The sludge left behind in the wort pot
Floating a hydrometer to measure the initial specific gravity. This will change as the beer ferments and the alcohol content rises. Knowing the initial and final gravities lets you determine when fermentation has finished (density stops dropping) and the final alcohol content.
Brewer's dry yeast - not the same strains as bread yeast!
Pitching and mixing the yeast
Some final scrubbing of the fermenter lid's inner surfaces in sanitizer, then we seal that sucker up. Especially for the first couple days, it's critical that the mix be kept free of bacteria or wild yeasts that might drift in. It's not possible to be 100% bug-free, even in a hospital, but it's important that the yeast have a good head start against any trace bugs. Once fermentation is underway, the rising alcohol content and blanket of CO2 over the mix will keep these critters a non-issue.
Transporting the fermenter to a cool dark place (for most homebrewers, that means our dirty old basements). Luckily, this thing is sealed...
Is it beer yet? Is it beer yet?
A little over a week later... bottling time. For many homebrewers (ourselves included), this involves recycling existing empty bottles by delabeling, thoroughly cleaning and sanitizing.
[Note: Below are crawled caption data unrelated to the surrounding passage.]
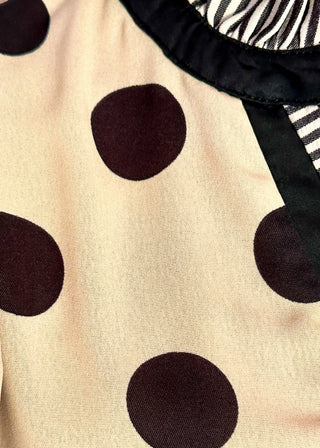 Close up of cream flowy polka dot dress with tiered layers and contrast striped neckline detail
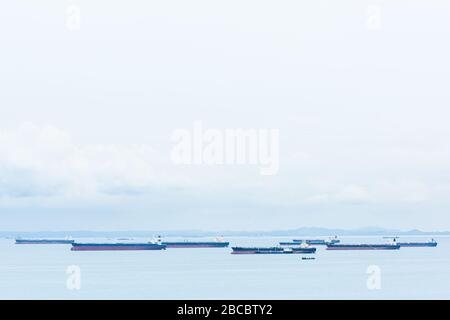 Les navires de fret, les pétroliers et les vraquiers sont ancrés au large du Singapore Straight, à Singapour, au coucher du soleil Banque D'Images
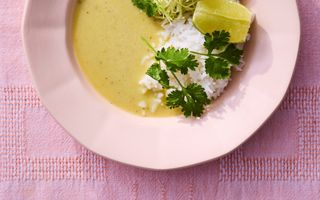 Een lichtroze diep bord met geel-groene soep en hoopjes rijst en rauwkost.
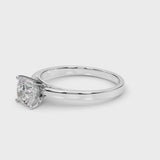 White gold Cushion Solitaire Diamond Engagement Ring with Four-Prong Setting on a Classic Band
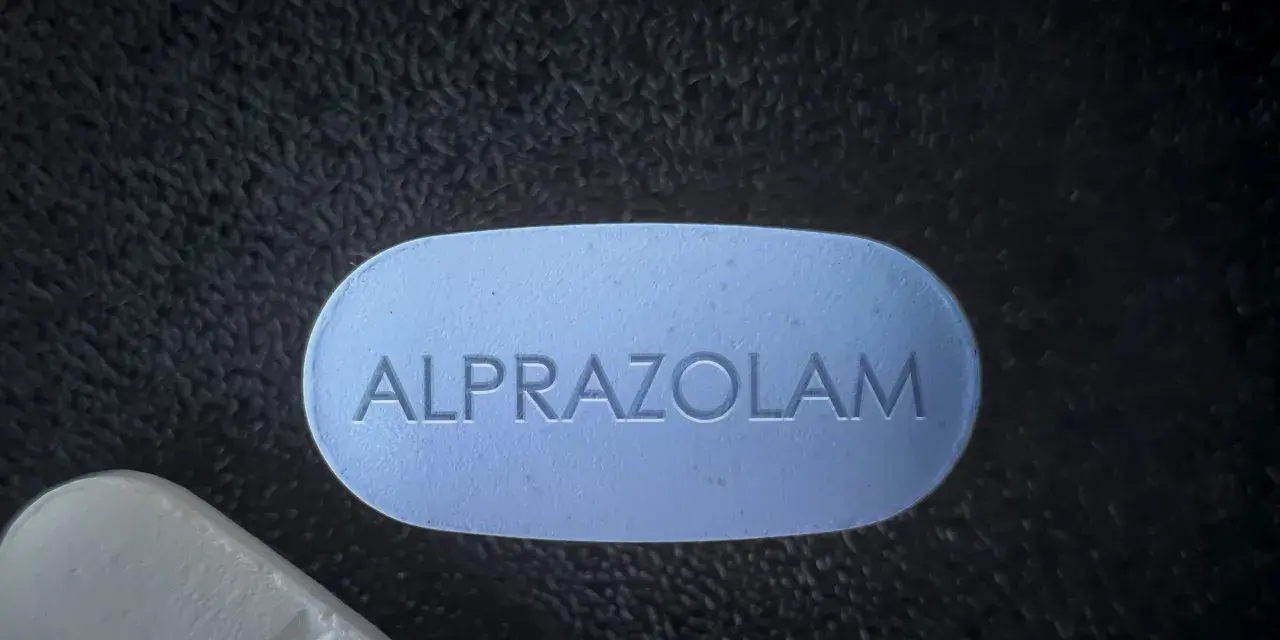 Niebieska tabletka z napisem ALPRAZOLAM na ciemnym tle.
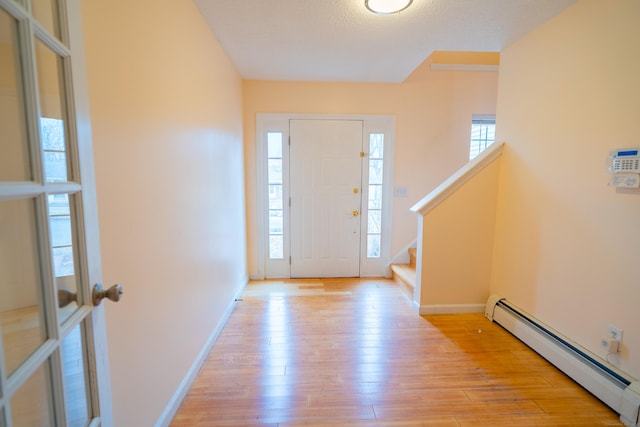 entryway with baseboards, stairs, baseboard heating, light wood-style floors, and a textured ceiling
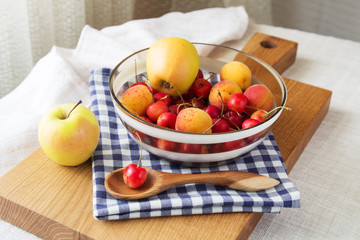 Composition of fruits and berries. Reason for the longevity is apples, cherries, apricots. Fruits and berries in a bowl on a checkered napkin on the table. Fruits and berries on a wooden cutting board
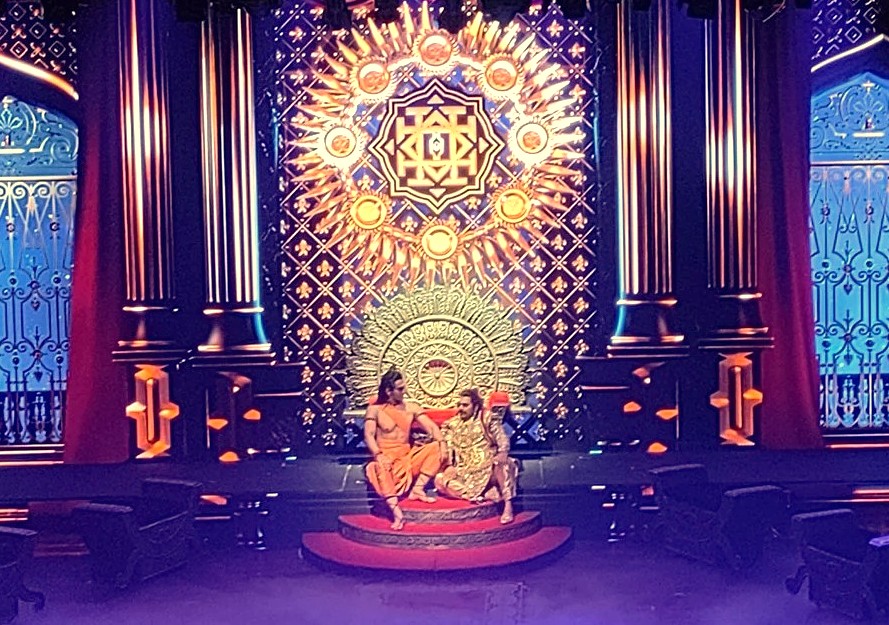 Performers on an ornate, beautifully lit stage during a cultural show at the prestigious Kamani Auditorium in Delhi, India, a major arts venue near UNESCO sites like Red Fort and Humayun's Tomb. Performers on an ornate, beautifully lit stage during a cultural show at the prestigious Kamani Auditorium in Delhi, India, a major arts venue near UNESCO sites like Red Fort and Humayun's Tomb.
It's beer! (almost) - the first sight we see after opening the fermenter. This is the correct and expected result (yeast multiplied and some are floating on top), but it ain't pretty. Keeping the fermenter cool (60-72degF) in the summer(ish) with no A/C is a trick; the water tub and towel helped a bit with this. NOTE: Submersion in water for several days is bad for the health of liquid crystal thermometers...
Priming sugar (dextrose) dissolved in water and boiled for a few minutes.
Siphoning from the fermenter to a second bucket for bottling. The goal of all these siphons/transfers (wort to fermenter, fermenter to bottling bucket, bucket to bottles) is to clarify the beer by leaving behind as much sediment and yeast as possible. In each transfer the bottom 1/4" ~ 1" or so of liquid (or mostly sediment) is discarded.
Still siphoning beer... we just added the priming sugarwater to the bottling bucket; the siphon action will thoroughly mix the two. This small amount of extra sugar will feed the trace amounts of residual yeast after capping the bottles; this will force the beer to carbonate right inside the bottle.
Cleaned and delabeled bottles. This process is time-consuming and VERY ANNOYING, which is why we most likely will not put labels on our first batch (knowing we may have to somehow get them off again later).
A small amount of the brew was set aside for quality-control purposes pre-bottling. For warm, flat beer, it's not bad! (This step confirms at the very least that the beer tastes like *beer*, not cider or vinegar - sure signs of bacterial contamination.)
The final sediment-clearing siphon (bottling bucket to bottles). The tap on the bucket is about 1/2-1" above the bottom.
Bottling, with a nifty little apparatus - beer flows when the plastic wand is pressed against the floor of the bottle and stops when the wand is lifted slightly. A formidable-looking, 2-handed capper crimps the caps securely on the bottles.
The first finished bottle. About 4 weeks and it will be ready to drink!